Possibly that’s what made the Mississippi sharecropper’s son so popular with crossover audiences and a thorn in the side of “serious” blues purists: his instantly recognizable, simple approach and easy accessibility. Here was a musician who lacked the gutsy, vocal delivery of Howlin’ Wolf (in fact there were times when Reed, a chronic alcoholic, relied upon his wife and longtime backing singer Mary “Mama” Reed to whisper the lyrics to songs he’d composed but forgotten) and the dexterous guitar playing of Muddy Waters, yet scored more R&B chart toppers than either legendary bluesmen. Between 1955 and 1961, after Chess Records, the R&B label of choice at the time, had already decided to pass on the artist, Reed had an astonishing 13 Top 20 R&B hits for the then fledgling Vee-Jay Records, 11 of which made it onto the Billboard Hot 100 pop charts.         


Initially released as a double album by Vee-Jay in 1961 to capitalize on this success, Jimmy Reed at Carnegie Hall is an outstanding 23-song compilation of all the hits and then some (though neither live as the title suggests nor recorded anywhere near Carnegie Hall).  In fact, the first 12 numbers were actually “recreated” stereo tracks laid down at Bell Sound in Manhattan, purportedly taken from a set list Reed used when headlining the Blues at Carnegie Hall festival the previous May, while the remaining cuts constitute a “Best of” collection taken from earlier mono recordings and given the stereo treatment. Whatever marketing ploys were initiated, however, make no difference to the excellent quality of the music and its subsequent importance as a touchstone recording for scores of artists including British bands like the Rolling Stones and the Pretty Things, not to mention a diversity of homegrown talent such as the “King of Rock ‘n’ Roll”, Elvis Presley, and the “Queen of Soul”, Aretha Franklin.

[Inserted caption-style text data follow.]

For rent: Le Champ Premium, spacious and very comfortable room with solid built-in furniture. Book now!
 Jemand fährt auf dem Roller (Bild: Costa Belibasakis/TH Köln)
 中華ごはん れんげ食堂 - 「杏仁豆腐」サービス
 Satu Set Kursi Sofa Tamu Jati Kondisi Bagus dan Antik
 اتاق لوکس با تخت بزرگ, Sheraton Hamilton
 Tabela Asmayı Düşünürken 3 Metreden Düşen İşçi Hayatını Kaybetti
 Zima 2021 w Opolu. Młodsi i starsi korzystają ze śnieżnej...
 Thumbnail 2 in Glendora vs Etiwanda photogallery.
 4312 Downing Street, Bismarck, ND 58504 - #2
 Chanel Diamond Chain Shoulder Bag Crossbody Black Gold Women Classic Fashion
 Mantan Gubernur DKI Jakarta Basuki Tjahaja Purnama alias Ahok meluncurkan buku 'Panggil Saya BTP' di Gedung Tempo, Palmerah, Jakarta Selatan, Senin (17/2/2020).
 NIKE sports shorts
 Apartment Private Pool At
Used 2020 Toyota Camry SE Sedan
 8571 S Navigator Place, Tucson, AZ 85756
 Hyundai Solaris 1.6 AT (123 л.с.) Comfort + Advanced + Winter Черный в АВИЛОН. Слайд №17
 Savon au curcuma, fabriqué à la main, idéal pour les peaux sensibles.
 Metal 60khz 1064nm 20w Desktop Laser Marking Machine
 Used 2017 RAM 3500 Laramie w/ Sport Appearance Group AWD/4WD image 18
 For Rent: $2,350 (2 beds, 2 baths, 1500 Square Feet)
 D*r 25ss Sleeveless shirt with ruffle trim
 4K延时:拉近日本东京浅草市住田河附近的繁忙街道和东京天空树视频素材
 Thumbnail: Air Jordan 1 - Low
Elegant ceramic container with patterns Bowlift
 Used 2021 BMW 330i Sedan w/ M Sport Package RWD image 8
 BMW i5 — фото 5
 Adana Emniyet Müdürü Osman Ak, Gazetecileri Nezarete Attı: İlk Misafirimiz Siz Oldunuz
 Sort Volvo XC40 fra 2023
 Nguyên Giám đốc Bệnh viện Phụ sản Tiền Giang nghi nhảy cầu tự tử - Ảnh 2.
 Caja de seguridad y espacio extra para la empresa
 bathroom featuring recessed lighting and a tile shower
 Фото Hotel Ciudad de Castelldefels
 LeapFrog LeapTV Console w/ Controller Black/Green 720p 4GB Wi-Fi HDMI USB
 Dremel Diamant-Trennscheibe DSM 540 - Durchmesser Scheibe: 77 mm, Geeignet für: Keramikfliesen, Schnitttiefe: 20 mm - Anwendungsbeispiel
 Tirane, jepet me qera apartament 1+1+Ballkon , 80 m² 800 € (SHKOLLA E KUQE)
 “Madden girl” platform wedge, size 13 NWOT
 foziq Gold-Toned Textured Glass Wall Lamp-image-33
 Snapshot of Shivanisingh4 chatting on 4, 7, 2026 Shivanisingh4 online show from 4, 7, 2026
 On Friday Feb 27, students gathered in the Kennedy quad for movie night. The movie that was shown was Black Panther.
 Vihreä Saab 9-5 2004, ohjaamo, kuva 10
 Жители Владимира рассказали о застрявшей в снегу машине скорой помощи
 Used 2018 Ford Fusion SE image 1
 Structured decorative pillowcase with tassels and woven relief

Leading off with one of the above-mentioned building blocks of rock ‘n’ roll, “Bright Lights Big City”, Reed’s reigned-in electrified backporch blues, backed by regular rhythm guitarist Eddie Taylor, a boyhood friend and longtime musical collaborator who taught Reed his first guitar licks, shimmers with Delta heat, while “Mama” Reed stands in the shadow of his guitar backing up her man. 


Elsewhere, the prolific and influential Chicago bluesman Willie Dixon provides throbbing, rock-steady, slap bass on “I’m a Love You” and the outstanding “Big Boss Man”, while the soon-to-be legendary blues guitarist Albert King plays drums, keeping the beat on both “You Don’t Have to Go” and “Boogie in the Dark”. Then, as Reed’s caterwauling harmonica and high-pitched drawl introduces the listener to one classic up-tempo blues tune after another, you slowly come to realize Muddy Waters was right all along: “The Blues Had a Baby and They Named It Rock and Roll”. And if this collection proves anything, it’s that Reed was one of the few visionaries to make it happen.